OLED vs Mini LED : quelle vraie différence ?
Les deux technologies produisent la lumière de façon totalement différente — et ce détail explique presque tout le reste.

Deux façons radicalement différentes de produire l'image
Une dalle OLED est dite « émissive » : chaque pixel produit sa propre lumière et peut s'éteindre complètement de façon indépendante. Une dalle Mini LED reste une dalle LCD classique, mais rétroéclairée par un très grand nombre de petites LED regroupées en zones de gradation locale (parfois plusieurs milliers). Cette différence de fabrication, en apparence technique, explique presque tous les écarts de comportement entre les deux technologies à l'usage.

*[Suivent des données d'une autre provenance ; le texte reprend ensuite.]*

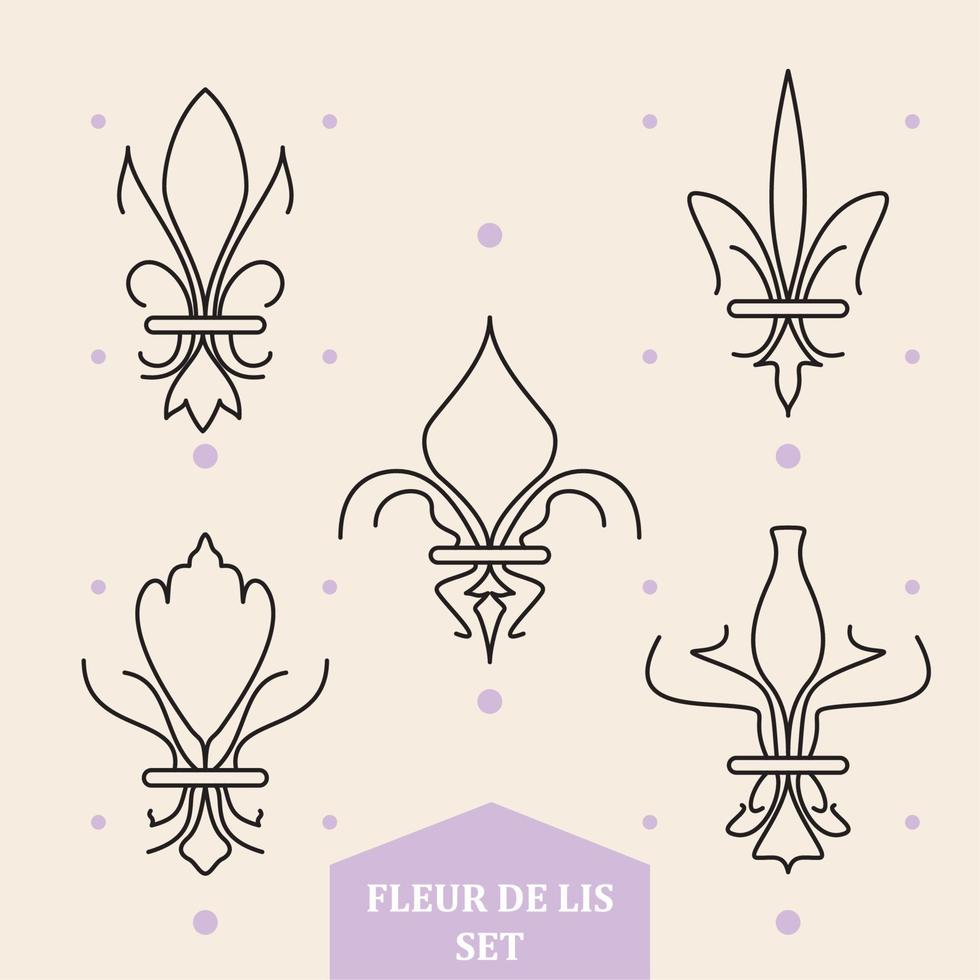 conjunto de resumen lys flor símbolos íconos vector ilustración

Le noir OLED contre la luminosité Mini LED
Parce que chaque pixel OLED peut s'éteindre totalement, le noir est parfaitement noir, sans aucune fuite de lumière autour d'un objet clair sur fond sombre — un avantage net pour les scènes nocturnes ou les génériques avec du texte blanc sur fond noir. Le Mini LED, en revanche, ne peut pas éteindre pixel par pixel : il éteint des zones entières de rétroéclairage, ce qui reste très efficace mais moins précis. En contrepartie, une dalle Mini LED peut généralement atteindre une luminosité de pic bien supérieure à celle d'une dalle OLED, ce qui la rend plus à l'aise dans une pièce lumineuse ou pour un contenu HDR très contrasté.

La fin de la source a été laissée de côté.